SABA quoted the Dutch ambassador as saying that Houthi military operations in Marib and the targeting of the Mocha port were “worrying signs that do not serve the peace process” in Yemen.
Governor of Taiz Nabil Shamsan also condemned the Houthi strikes on Mocha, saying that the Houthis sought to disrupt the government’s efforts to revive economic activities in Taiz and tighten their siege of Taiz.
Sporadic fighting
Meanwhile, in the neighboring Hodeidah province, sporadic heavy fighting has broken out between government troops and the Houthis in the past 48 hours in Hodeidah city and Hays district.
The Joint Forces, an umbrella term for three major military units on the country’s western coast, said on Sunday night that they pushed back a brief Houthi blitz on their locations in Kilo 16 area, east of Hodeidah, and the Houthis were forced into retreat after suffering casualties.

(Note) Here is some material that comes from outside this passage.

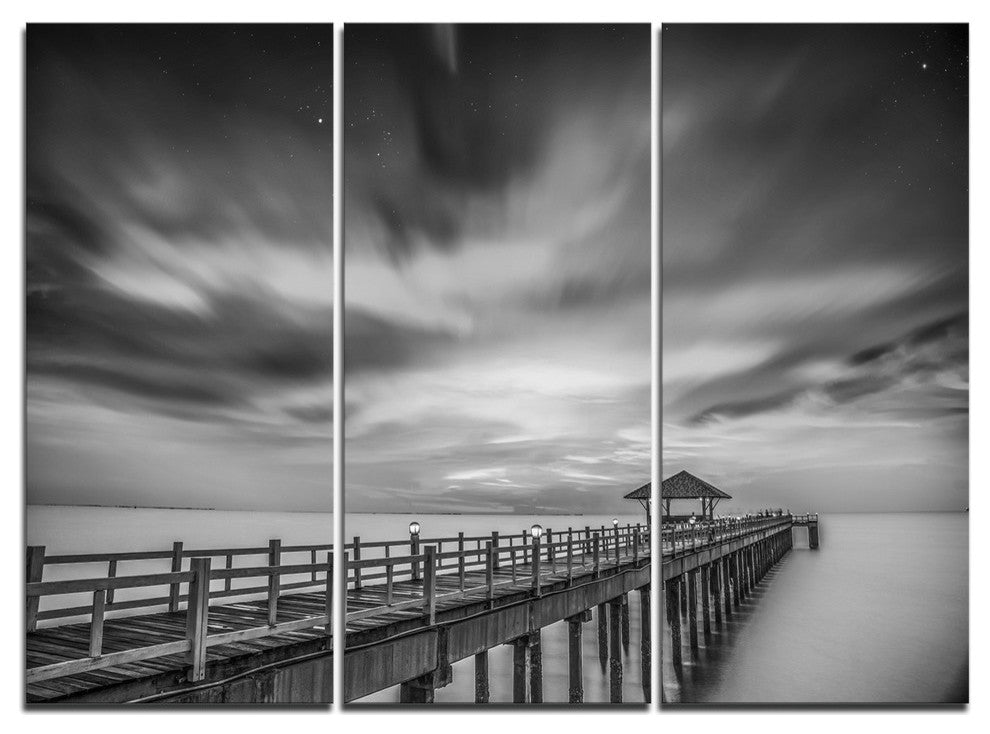 "Black and White Wooden Bridge and Sky" Metal Wall Art, 3 Panels, 36"x28"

Several Houthis were killed or wounded during heavy fighting with the Joint Forces west of Hays district in the province.
Hundreds of civilians have been killed by Houthi artillery shelling or land mines since late 2018 when the Yemeni government and the Houthis signed the Stockholm Agreement, which was meant to end hostilities in Hodeidah province.
In the province of Marib, Houthis launched new attacks on government troops in Al-Kasara, Mashjah, Serwah and Jabal Murad, triggering heavy clashes with government troops.
Local media said on Monday that the Houthis mounted a new wave of attacks on government-controlled areas on Sunday, desperately seeking to advance toward the city of Marib. Backed by dozens of airstrikes from Arab coalition warplanes, loyalists managed to foil the Houthi attacks and killed and wounded dozens of attackers.
Thousands of combatants and civilians have been killed in the central province of Marib since February when the Houthis renewed an offensive to seize control of Marib, the government’s last bastion in the northern half of the country.